Keine höhere Sozialplanabfindung für Gewerkschaftsmitglieder

Das Landesarbeitsgericht Düsseldorf hatte über den klageweise geltend gemachten Anspruch auf eine höhere Sozialplanabfindung für Gewerkschaftsmitglieder zu entscheiden.

Eine Mitarbeiterin war seit dem 03.04.2000 bei  einer Servicegesellschaft aus dem Bereich der Luftfahrt beschäftigt. Im Zuge der zweiten größeren Personalanpassungsmaßnahme wurde ihr Arbeitsverhältnis betriebsbedingt zum 30.06.2020 gekündigt. Bereits im Jahre 2017 hatte die Arbeitgeberin einen Personalabbau durchgeführt. Nach dem seinerzeit vereinbarten Sozialplan vom 06.12.2017 berechnete sich die Abfindung für die gekündigten Beschäftigten wie folgt:
„Betriebszugehörigkeit x Monatsbrutto x 0,9“.

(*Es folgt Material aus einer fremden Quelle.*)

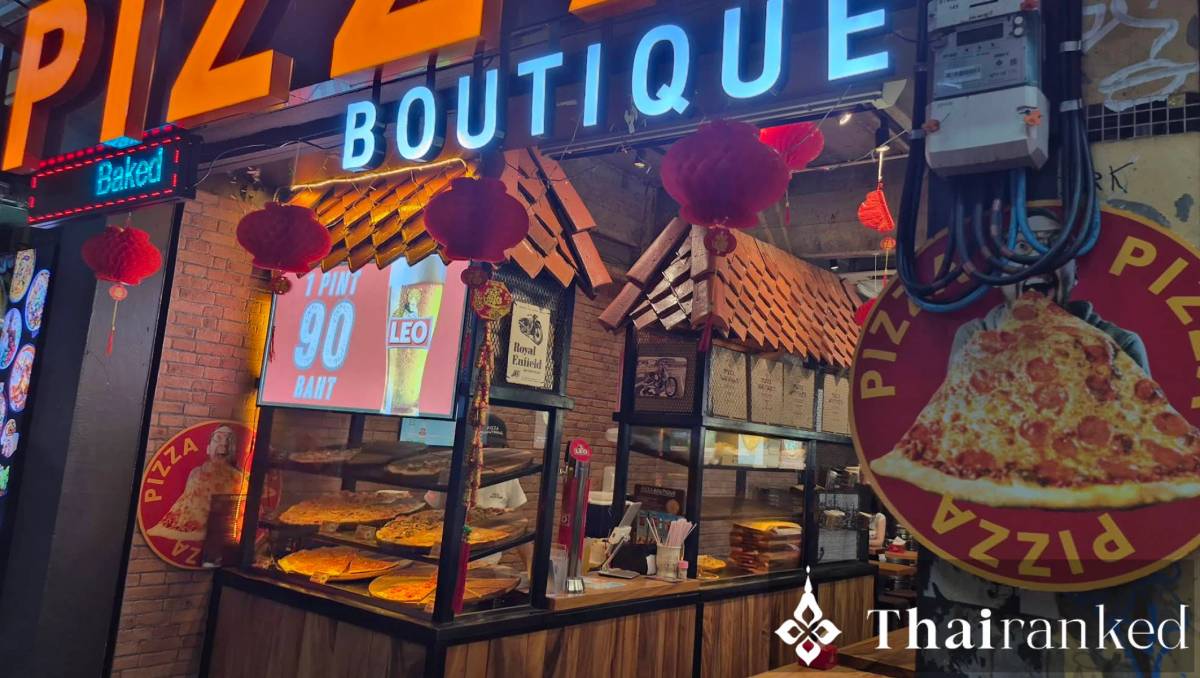 Pizza Boutique Bangkok
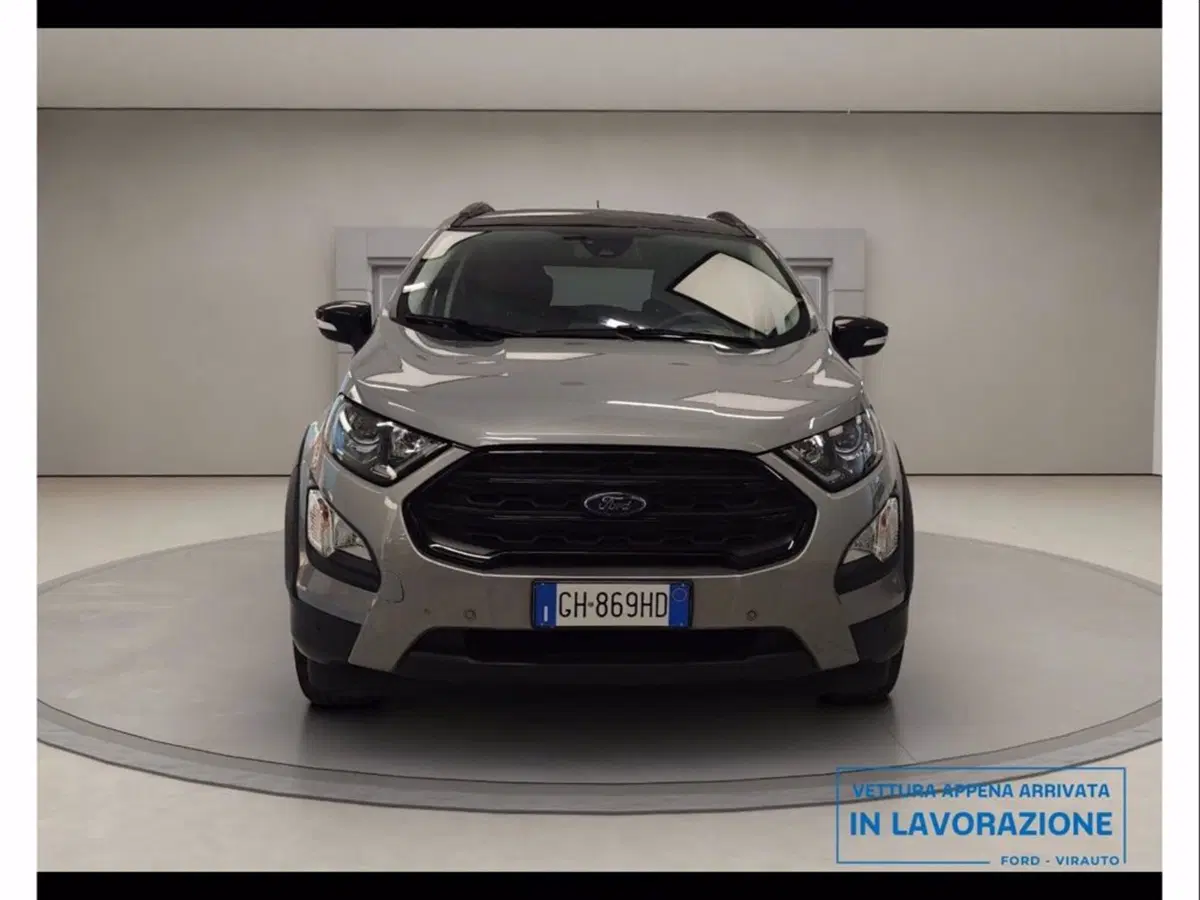 Ford EcoSport usata a Catania (2)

Außerdem war – mündlich – vereinbart worden, dass Mitglieder der Gewerkschaft Nahrung-Genuss-Gaststätten (NGG) einen erhöhten Abfindungsfaktor von 1,0 erhalten, wenn sie keine Kündigungsschutzklage erheben.

Im Rahmen der zweiten Personalanpassung im Jahre 2019 vereinbarte die Arbeitgeberin mit ihrem Betriebsrat in einem Interessenausgleich vom 10.12.2019, dass der bereits bestehende Sozialplan vom 06.12.2017 auch hierfür Anwendung findet. Auf der Grundlage einer weiter abgeschlossenen Betriebsvereinbarung zur Kündigungsabwicklung sollten die Beschäftigten zusätzlich zur Sozialplanabfindung 5.000,00 EUR erhalten, wenn sie keine Kündigungsschutzklage erheben.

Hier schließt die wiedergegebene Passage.